YOUR INSTRUCTIONS: Quote all of the data exactly as given. Skip every picture it contains.

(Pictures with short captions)
--

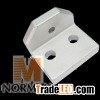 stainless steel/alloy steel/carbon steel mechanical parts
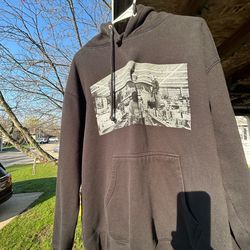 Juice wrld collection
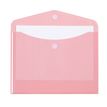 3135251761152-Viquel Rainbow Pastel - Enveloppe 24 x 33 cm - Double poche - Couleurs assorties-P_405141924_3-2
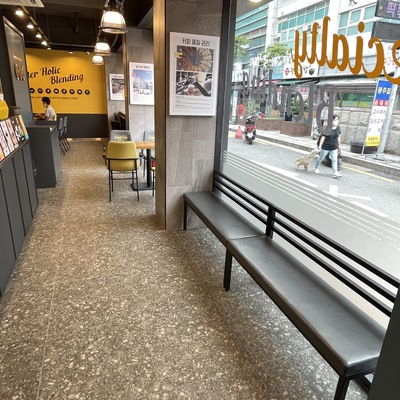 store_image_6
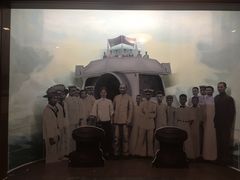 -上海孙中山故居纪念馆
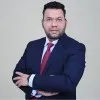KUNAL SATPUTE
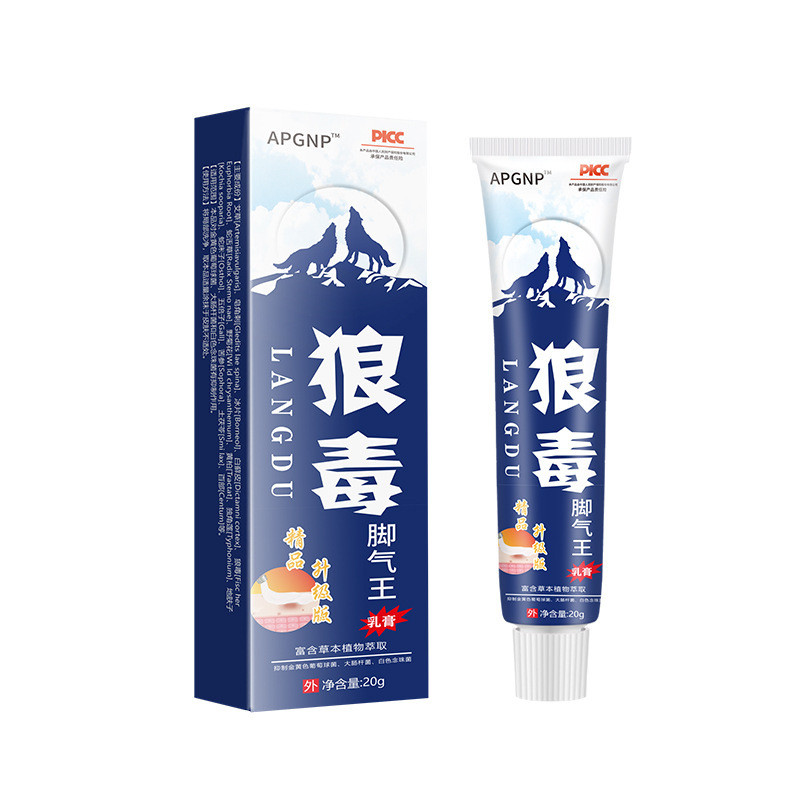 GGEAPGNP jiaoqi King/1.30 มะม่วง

--

SOLUTION TO THIS EXERCISE:
 stainless steel/alloy steel/carbon steel mechanical parts
 Juice wrld collection
 3135251761152-Viquel Rainbow Pastel - Enveloppe 24 x 33 cm - Double poche - Couleurs assorties-P_405141924_3-2
 store_image_6
 -上海孙中山故居纪念馆
KUNAL SATPUTE
 GGEAPGNP jiaoqi King/1.30 มะม่วง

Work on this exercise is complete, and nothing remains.